» PROVIDED MATERIAL
_____
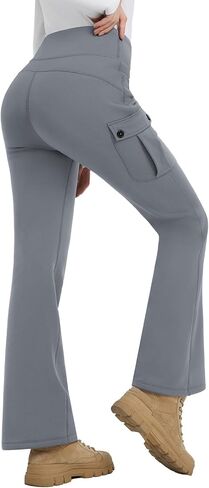 baleaf Women's Thick Fleece Lined Flare Pants Water Resistant Cargo Pockets High Waisted Winter Snow Pants in Saudi Arabia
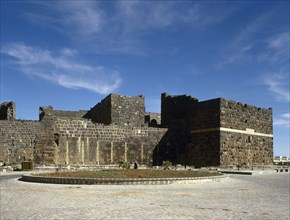 View of the citadel, built in the 8th century, Bosra, Syria, 2001. Creator: LTL.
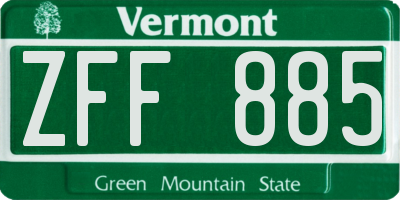 VT license plate ZFF885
_____
» EXERCISE REQUIREMENTS
From the line that contains "View of the" through the last line of the listing, copy each line exactly; both end lines stay in, and pictures stay out.

» WRITTEN REPLY
 View of the citadel, built in the 8th century, Bosra, Syria, 2001. Creator: LTL.
 VT license plate ZFF885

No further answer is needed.